Leia o soneto abaixo, de Luís de Camões:

“Cá nesta Babilônia, donde mana
matéria a quanto mal o mundo cria;
cá donde o puro Amor não tem valia,
que a Mãe, que manda mais, tudo profana;

cá, onde o mal se afina e o bem se dana,
e pode mais que a honra a tirania;
cá, onde a errada e cega Monarquia
cuida que um nome vão a desengana;

cá, neste labirinto, onde a nobreza,
com esforço e saber pedindo vão
às portas da cobiça e da vileza;

cá neste escuro caos de confusão,
cumprindo o curso estou da natureza.
Vê se me esquecerei de ti, Sião!”

(Disponível em http://www.dominiopublico.gov.br/download/texto/bv000164.pdf. Acessado em 08/09/2015.)

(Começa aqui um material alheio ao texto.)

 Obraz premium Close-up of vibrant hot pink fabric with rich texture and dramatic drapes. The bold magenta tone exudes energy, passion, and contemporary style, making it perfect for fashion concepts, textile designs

a) Uma oposição espacial configura o tema e o significado desse poema de Camões. Identifique essa oposição, indicando o seu significado para o conjunto dos versos.

b) Identifique nos tercetos duas expressões que contemplam a noção de desconcerto, fundamental para a compreensão do tema do soneto e da lírica camoniana.

a) A oposição entre os dois espaços presentes no poema é demarcada pelas posições polares que nele ocupam “Babilônia”, no primeiro verso, e “Sião”, no último. A imagem de Sião, espaço que desperta as saudades do poeta, é construída por contraste com tudo o que se diz de Babilônia. Esta é concebida de forma depreciativa: trata-se de um lugar onde “mana” (isto é, produz) “quanto mal o mundo cria”, onde “o mal se afina e o bem se dana” e “pode mais que a honra a tirania”. Assim, é possível associar Babilônia ao Mal e, por contraste, Sião ao Bem. As referências à Monarquia (verso 7) e à nobreza (verso 9) permitem uma leitura contextualizada historicamente, de acordo com a qual Babilônia seria o Oriente, espaço onde ocorriam desmandos cometidos pelos representantes do Império português, cuja capital, Lisboa, seria Sião – local onde a presença do monarca supostamente impediria tais desmandos. Por fim, é ainda possível fazer uma leitura a partir de parâmetros filosóficos, segundo a qual Babilônia seria o mundo material (o mundo sensível de Platão), do qual o ser humano teria que se libertar para atingir a plenitude do mundo espiritual (o mundo inteligível platônico). Nesse sentido, as saudades de que fala o poeta corresponderiam às reminiscências da alma humana, que manifesta uma irresistível tendência ao aperfeiçoamento, isto é, ao retorno ao mundo inteligível, de onde se origina.

b) Na obra lírica camoniana, o desconcerto do mundo corresponde à falta de harmonia de um mundo desorganizado. No soneto transcrito, as imagens do “labirinto” (primeiro terceto) e de “caos e confusão” (segundo terceto) podem ser tomadas como síntese da temática do desconcerto. O “labirinto” supõe um espaço tortuoso, cujos caminhos são mascarados pela inconstância das coisas do mundo. A ideia de “caos e confusão” sintetiza o exato oposto do universo racionalizado, desejado por artistas do Renascimento. Assim, o tema do desconcerto do mundo está presente neste soneto, reforçando a angústia existencial do poeta, perdido na confusão em que está e sem encontrar o caminho de volta para casa.